Minnesota campaign calls are absolutely terrible


Thank you call waiting (and cell phones) for helping us avoid the plague that is campaign phone calls. Yes, we are going to vote and please stop talking when we clearly state we aren't interested.

And why are the calls in Minnesota particularly bad? We're not sure, but we've found some good posts on what they are saying.

Jason Linkins of the Huffington Post called one of the calls to Minnnesota "The Sloppiest McCain Campaign Call You've Heard Yet". Robo calls are illegal in Minnesota, so Linkins says we get the bad unenthusiastic human callers:

This forces candidates to employ real life human beings to make these calls and read from scripts.

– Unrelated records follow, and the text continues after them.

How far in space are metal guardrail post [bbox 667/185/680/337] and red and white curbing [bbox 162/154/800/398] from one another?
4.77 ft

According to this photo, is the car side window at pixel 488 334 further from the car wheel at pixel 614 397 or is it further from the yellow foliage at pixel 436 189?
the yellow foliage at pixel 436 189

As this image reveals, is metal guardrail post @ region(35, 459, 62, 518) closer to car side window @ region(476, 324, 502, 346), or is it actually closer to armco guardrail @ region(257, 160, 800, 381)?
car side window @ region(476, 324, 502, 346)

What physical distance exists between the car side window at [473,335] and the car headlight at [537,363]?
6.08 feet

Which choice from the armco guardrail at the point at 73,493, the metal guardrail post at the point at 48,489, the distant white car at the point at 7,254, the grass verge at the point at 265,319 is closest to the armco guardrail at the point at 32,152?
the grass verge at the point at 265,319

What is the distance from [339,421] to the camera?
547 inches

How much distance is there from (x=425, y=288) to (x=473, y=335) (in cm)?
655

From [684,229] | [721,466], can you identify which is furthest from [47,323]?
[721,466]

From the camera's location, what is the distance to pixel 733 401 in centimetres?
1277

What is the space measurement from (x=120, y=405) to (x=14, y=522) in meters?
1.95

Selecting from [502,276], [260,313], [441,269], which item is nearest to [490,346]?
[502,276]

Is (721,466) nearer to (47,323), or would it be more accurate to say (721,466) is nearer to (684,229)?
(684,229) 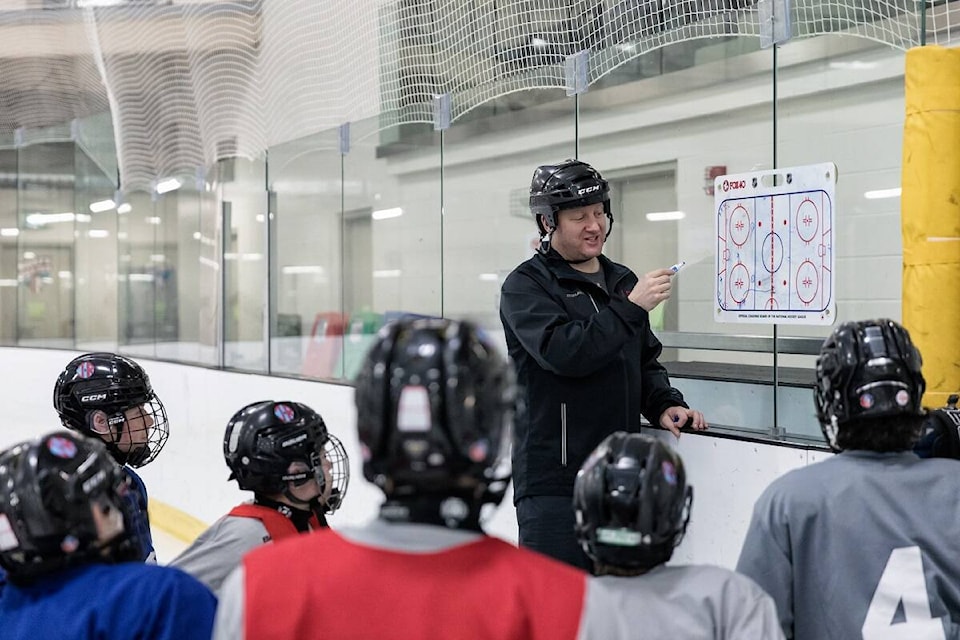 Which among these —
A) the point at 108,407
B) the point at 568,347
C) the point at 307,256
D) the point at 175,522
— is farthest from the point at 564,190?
the point at 175,522

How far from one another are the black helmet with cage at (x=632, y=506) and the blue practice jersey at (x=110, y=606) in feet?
1.41

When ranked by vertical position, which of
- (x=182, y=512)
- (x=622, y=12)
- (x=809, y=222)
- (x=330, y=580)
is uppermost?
(x=622, y=12)

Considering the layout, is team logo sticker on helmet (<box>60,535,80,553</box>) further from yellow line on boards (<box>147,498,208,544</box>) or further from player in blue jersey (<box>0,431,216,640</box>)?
yellow line on boards (<box>147,498,208,544</box>)

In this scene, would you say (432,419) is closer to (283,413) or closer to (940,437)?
(940,437)

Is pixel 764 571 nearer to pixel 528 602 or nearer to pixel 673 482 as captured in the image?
pixel 673 482

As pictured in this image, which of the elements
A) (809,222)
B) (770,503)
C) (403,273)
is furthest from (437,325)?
(403,273)

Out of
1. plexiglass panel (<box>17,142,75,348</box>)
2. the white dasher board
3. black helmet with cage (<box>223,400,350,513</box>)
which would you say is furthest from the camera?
plexiglass panel (<box>17,142,75,348</box>)

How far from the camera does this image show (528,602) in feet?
2.93

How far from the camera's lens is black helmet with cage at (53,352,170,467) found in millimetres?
2193

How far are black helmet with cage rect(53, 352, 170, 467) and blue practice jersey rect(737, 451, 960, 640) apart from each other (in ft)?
4.38

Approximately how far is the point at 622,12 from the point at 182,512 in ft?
11.8

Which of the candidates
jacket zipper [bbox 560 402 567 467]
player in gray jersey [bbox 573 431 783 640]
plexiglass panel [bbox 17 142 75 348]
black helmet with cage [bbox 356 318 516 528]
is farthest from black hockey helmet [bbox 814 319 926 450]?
plexiglass panel [bbox 17 142 75 348]

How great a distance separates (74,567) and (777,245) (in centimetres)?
169

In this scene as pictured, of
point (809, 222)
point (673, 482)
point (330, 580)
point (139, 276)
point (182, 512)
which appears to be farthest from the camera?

And that places the McCain campaign at a significant disadvantage, since his campaign ceased generating wide-spread, general enthusiasm at some point after the New Hampshire primary. Listen for yourself at this McCain call, in which boredom and illiteracy get in the way of the salesmanship.

Listen for yourself here:

WCCO's Jason DeRusha got push polled and gives readers a transcript of their conversation. It's pretty entertaining:

So I just got off the phone with someone who wanted to do a "public opinion poll" of people in my district. He said it would take a minute, so I said "sure."

Question 1: "If the November 2008 election were held today, would you vote for Republican Norm Coleman or Democrat Al Frank?" He mispronounced Coleman's name too, which I'm not sure how that's even possible. I said I was undecided.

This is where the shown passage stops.